Mold spores can spread by air, soil and direct contact […]
Mold spores can spread by air, soil and direct contact with an infected plant. Flower pots may develop mold inside as a result of an infected plant in the container or soil left behind that is still harboring spores. You need to sterilize soil and containers before you reuse them to prevent the disease from coming back.
Consistently damp soil creates an environment for mold growth. Ensuring your soil has adequate drainage can help guard against disease. Mold spores can continue to live in the soil after a contaminated plant has been removed. Soil should always be pasteurized before planting. Bagged potting soil from the garden center is typically pasteurized. Whenever you reuse potting soil from one season to the next, you should heat the soil in an oven to kill any harmful pathogens.
Thousands of mold spores can live on a single plant leaf. Just one spore can cause a healthy plant to become diseased. A flower pot in which one of these contaminated plants is growing is likely to come in contact with the spores and become a host for the disease.

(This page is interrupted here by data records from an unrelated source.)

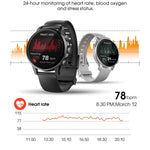 LDNIO SW01 smartur, 1,58 tommer AMOLED, IP68-vandtæt, Bluetooth-kompatible opkald, puls, blodilt, søvn, sundhedsmonitor
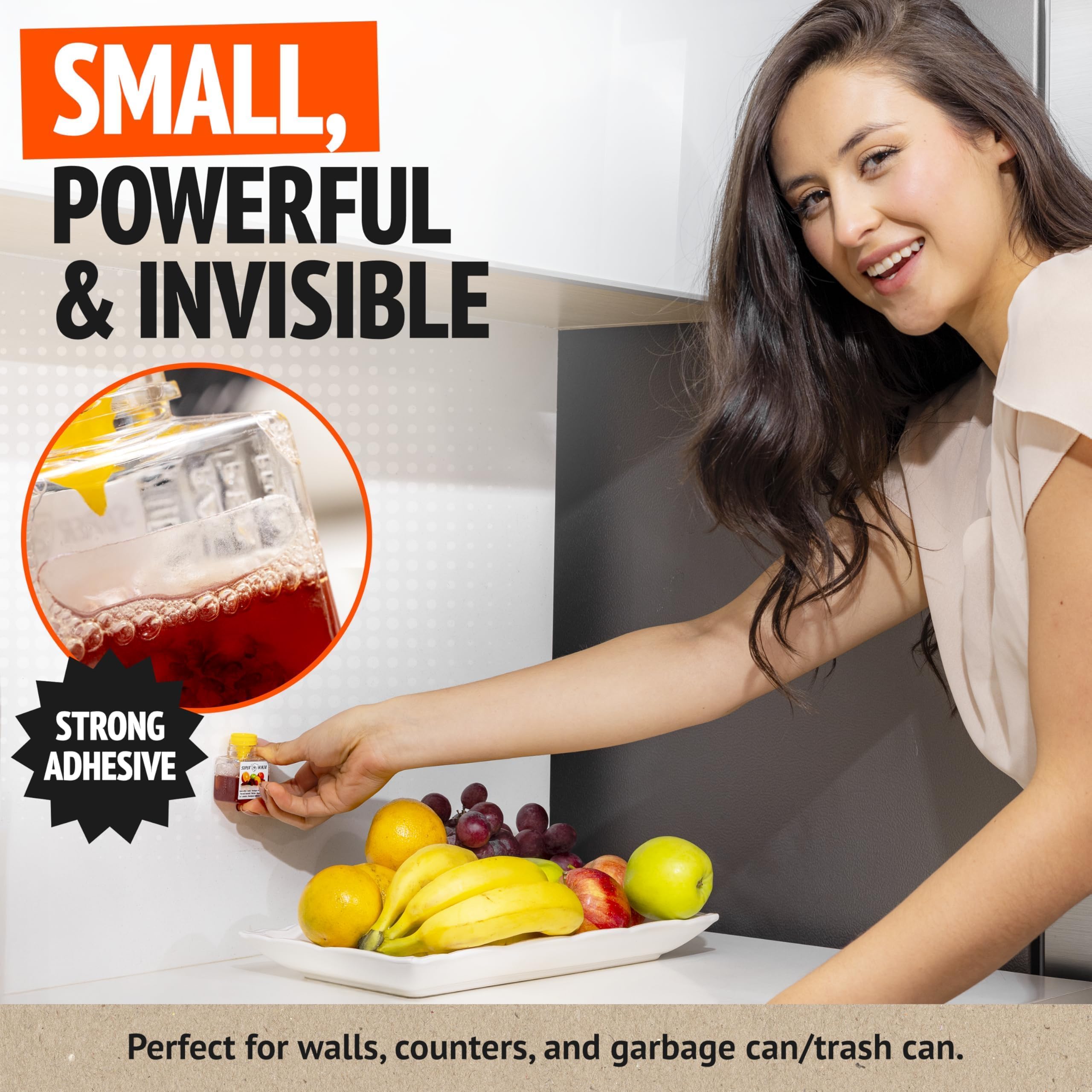 Super Ninja bottle next to common items for quick size comparison
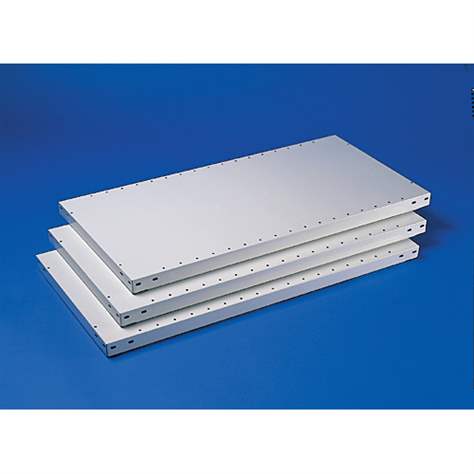 Přídavná police CLIP 1000 x 300 mm, pozinkovaná, nosnost 150 kg, se 4 háčky - META Skladovací technika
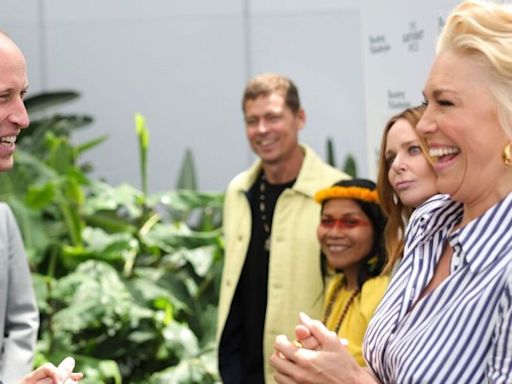 William hangs out with Hannah Waddingham and Stella McCartney at Earthshot event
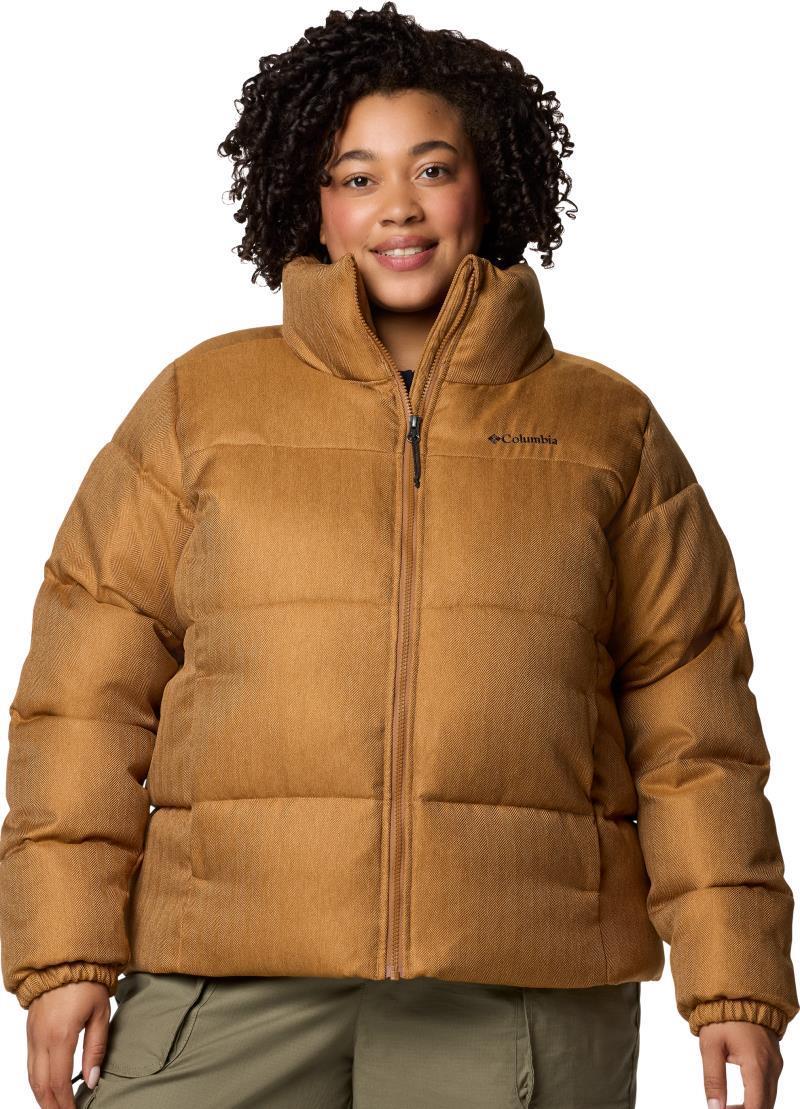 Puffect Herringbone Jacket, Extended - Womens - Camel Brown Herringbone 1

Reusing flower pots cuts costs and reduces waste, but mold can live on a container even after the soil and plant are removed. If a new plant or soil is put in this pot, it can also become infected. Mold on a pot isn't always visible. Whenever you reuse a flower pot, you should sterilize it using a solution of 1 part bleach to 9 parts water. Soak the pots in the solution for 10 to 15 minutes, then rinse them and allow them to dry.
While gardening, use good control practices including keeping your tools sterilized and water your plants only as needed. Plants that are stressed are more susceptible to disease, so keeping your plants in good health helps prevent disease problems.